++++ DATA SHOWN ++++

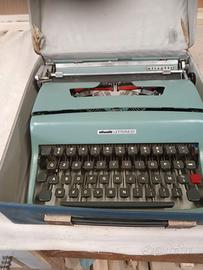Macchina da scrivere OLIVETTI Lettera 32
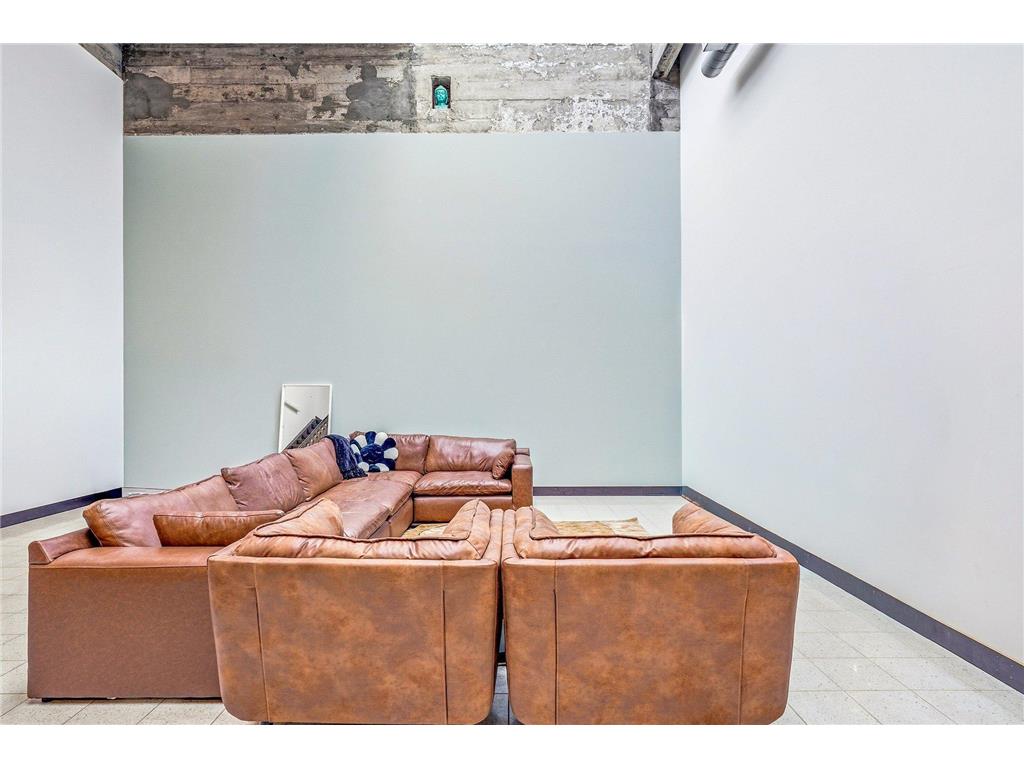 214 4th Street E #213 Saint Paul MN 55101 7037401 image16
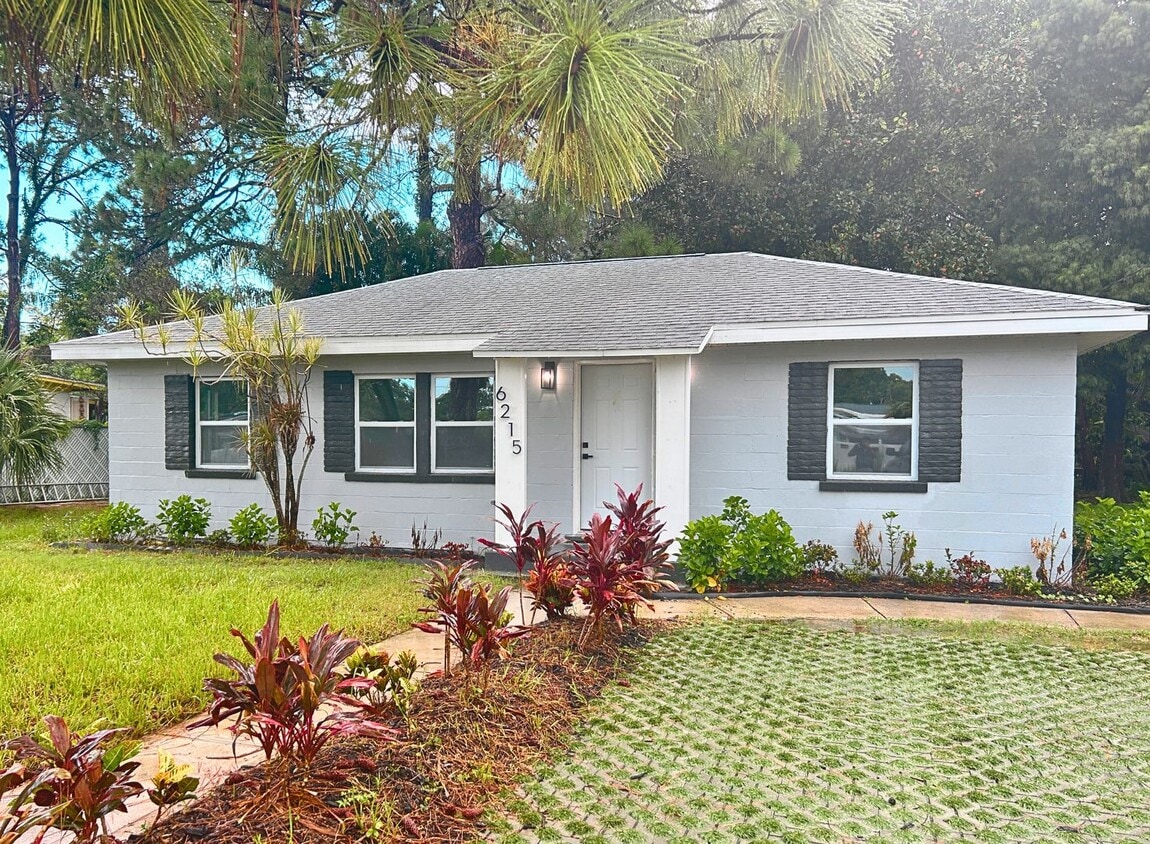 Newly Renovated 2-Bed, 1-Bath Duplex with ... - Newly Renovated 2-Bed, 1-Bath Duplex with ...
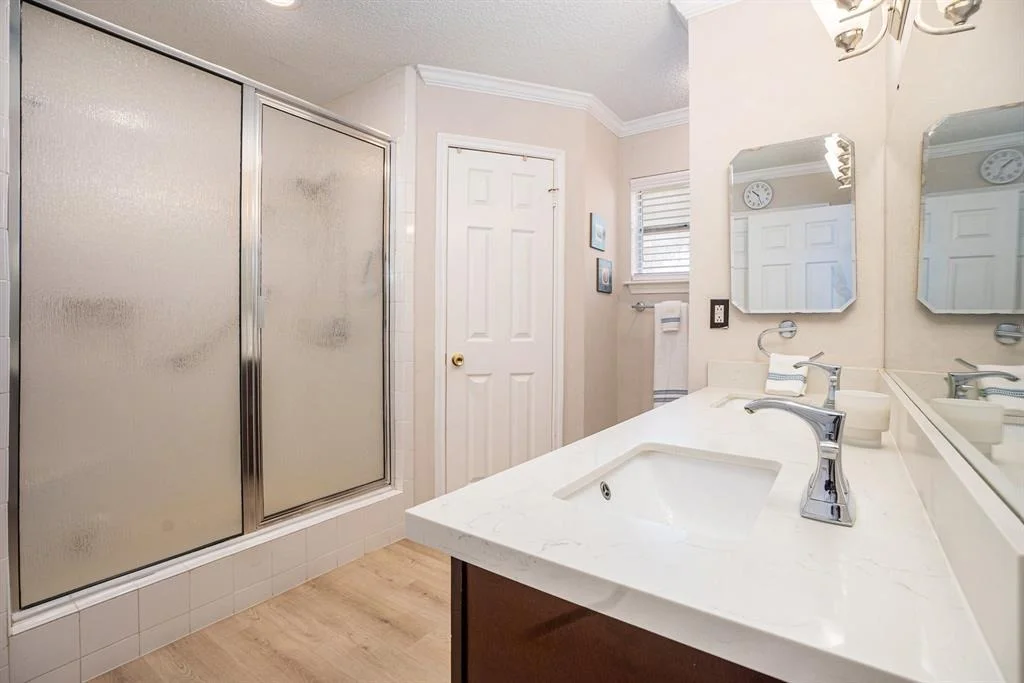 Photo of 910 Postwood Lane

++++

Given the listing above, return exactly, and only, the lines from the line with "Newly Renovated 2-Bed, 1-Bath Duplex with ... - Newly" through its final line, both included, with the pictures removed.

 Newly Renovated 2-Bed, 1-Bath Duplex with ... - Newly Renovated 2-Bed, 1-Bath Duplex with ...
 Photo of 910 Postwood Lane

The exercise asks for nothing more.